Gorbachov. El hombre de Moscú
De la multitud de escenas e imágenes de Gorbachov que se agolpan de pronto en la memoria, hay una persistente sobre todas: aquel momento increíble en el que Yeltsin, en la tribuna del Parlamento ruso, obliga a Gorbachov a leer las actas de un Consejo de sus ministros en el que se decide el golpe de Estado y, una vez terminado esto, le recuerda que le queda por firmar un “pequeño decreto”: ante la estupefacción del Presidente de la URSS y secretario general del PC soviético, le aclara que se trata de la suspensión de las actividades del Partido Comunista. Como mucha gente, me pasé aquellos días viendo -y grabando en vídeo, sin parar- las imágenes de la revolución. Jamás había imaginado un espectáculo como el de aquel 23 de agosto. Gorbachov había puesto en marcha una reformas extraordinarias destinadas a salvar la Unión Soviética. Ahora tropezaba con una realidad impensable. Tras el fracaso del intento de golpe de Estado y el asalto a la Casa Blanca -el nombre moscovita del Parlamento- los rusos habían acabado con el comunismo y con el partido comunista.

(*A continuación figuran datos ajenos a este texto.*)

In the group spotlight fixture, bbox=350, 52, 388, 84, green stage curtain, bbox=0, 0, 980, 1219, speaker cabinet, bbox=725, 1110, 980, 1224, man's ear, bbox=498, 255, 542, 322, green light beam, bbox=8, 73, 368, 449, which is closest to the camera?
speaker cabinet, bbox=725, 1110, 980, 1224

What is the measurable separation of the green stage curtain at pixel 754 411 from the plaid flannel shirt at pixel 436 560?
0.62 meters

Yo estaba con Yeltsin. Me gustaba más aquel hombre que representó como nadie el deseo de emancipación de los rusos de una tiranía que había demostrado una suprema crueldad y una suprema ineficacia, todo con la aspiración de instaurar el paraíso en la tierra. Gorbachov, en cambio, tenía mejor prensa en Occidente. Se veía en él al reformador amable y realista, que había hecho posible el arranque de la democratización en Rusia y el derrumbamiento del Muro de Berlín casi dos años antes (otros largos y extraordinarios días de televisión y cintas de vídeo). Y, seguramente también por prudencia, se prefería confiar en el hombre del aparato empeñado en reformar el régimen desde dentro.

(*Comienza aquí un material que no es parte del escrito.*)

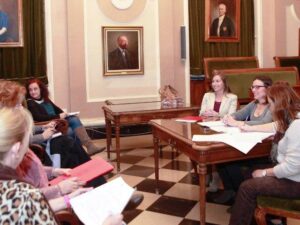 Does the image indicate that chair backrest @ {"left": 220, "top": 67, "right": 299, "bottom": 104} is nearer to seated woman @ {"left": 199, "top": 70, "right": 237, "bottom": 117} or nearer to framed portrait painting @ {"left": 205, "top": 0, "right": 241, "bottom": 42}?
framed portrait painting @ {"left": 205, "top": 0, "right": 241, "bottom": 42}

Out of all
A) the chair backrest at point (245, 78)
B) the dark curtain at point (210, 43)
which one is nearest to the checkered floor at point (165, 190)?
the chair backrest at point (245, 78)

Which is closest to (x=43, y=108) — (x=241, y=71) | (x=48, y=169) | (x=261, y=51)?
(x=48, y=169)

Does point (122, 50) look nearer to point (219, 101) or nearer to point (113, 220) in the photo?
point (219, 101)

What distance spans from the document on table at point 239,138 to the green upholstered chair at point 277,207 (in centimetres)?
44

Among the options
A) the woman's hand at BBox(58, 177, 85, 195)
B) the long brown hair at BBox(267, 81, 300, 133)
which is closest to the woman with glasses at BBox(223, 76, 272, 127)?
the long brown hair at BBox(267, 81, 300, 133)

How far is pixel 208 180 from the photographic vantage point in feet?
15.2

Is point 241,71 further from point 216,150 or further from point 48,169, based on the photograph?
point 48,169

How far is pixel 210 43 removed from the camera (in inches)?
322

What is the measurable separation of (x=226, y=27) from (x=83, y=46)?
3.01 meters

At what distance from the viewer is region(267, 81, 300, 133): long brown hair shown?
9.66 feet

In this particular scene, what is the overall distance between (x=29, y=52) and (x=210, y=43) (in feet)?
11.7

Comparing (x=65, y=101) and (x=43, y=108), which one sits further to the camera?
(x=65, y=101)

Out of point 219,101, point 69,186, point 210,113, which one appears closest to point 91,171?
point 69,186

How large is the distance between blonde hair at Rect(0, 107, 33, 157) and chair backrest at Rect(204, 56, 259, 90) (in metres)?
5.52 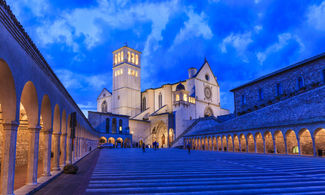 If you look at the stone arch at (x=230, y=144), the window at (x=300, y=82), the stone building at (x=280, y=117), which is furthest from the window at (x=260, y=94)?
the stone arch at (x=230, y=144)

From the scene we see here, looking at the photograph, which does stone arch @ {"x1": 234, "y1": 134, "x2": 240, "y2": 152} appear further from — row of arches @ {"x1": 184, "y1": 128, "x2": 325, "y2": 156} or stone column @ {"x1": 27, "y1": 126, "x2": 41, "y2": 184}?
stone column @ {"x1": 27, "y1": 126, "x2": 41, "y2": 184}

Hoy las cosas han cambiado en Rusia, y el recuerdo de Yeltsin no es tan amable con su figura. Gorbachov, en cambio, sigue siendo una figura impopular, al que se le atribuye el origen de todos los males que vinieron después. Recuerdo injusto, aunque prolongue la poca simpatía que suscitó en 1991, porque si algo hubiera querido Gorbachov es preservar la integridad territorial de la Unión Soviética e instalar una democracia sin rupturas. El golpe, no Yeltsin ni la reacción contra el propio golpe, demostró que aquello era imposible. Gorbachov no fue por tanto uno de esos protagonistas de las transiciones políticas que acaban siendo víctimas del éxito de su proyecto. Cayó porque su proyecto fracasó. Y aquel fracaso abrió la puerta a lo que vino luego, y que tan malos recuerdos suscita entre los rusos… con razón.
Bien es verdad que los nuevos dirigentes tuvieron que elegir, como dijo uno de ellos, entre una transición criminalizada a la economía de mercado y una guerra civil. Lo ocurrido en esa transición salvaje no disminuye el mérito, y la distinción, de haber acabado con la tiranía soviética. Tampoco el fracaso de Gorbachov disminuye su propio mérito. Él puso en marcha lo que luego otros continuarían. Y lo hizo sin recurrir a la violencia, como pocas veces lo han hecho los dirigentes rusos que alcanzan el poder que él llego a tener. Para entender su legado, hay que comprender a la vez la antipatía, o la animadversión, que sigue suscitando entre sus compatriotas y su decisiva contribución a un nuevo orden de libertad. Promesa, por cierto, que no se cumplió.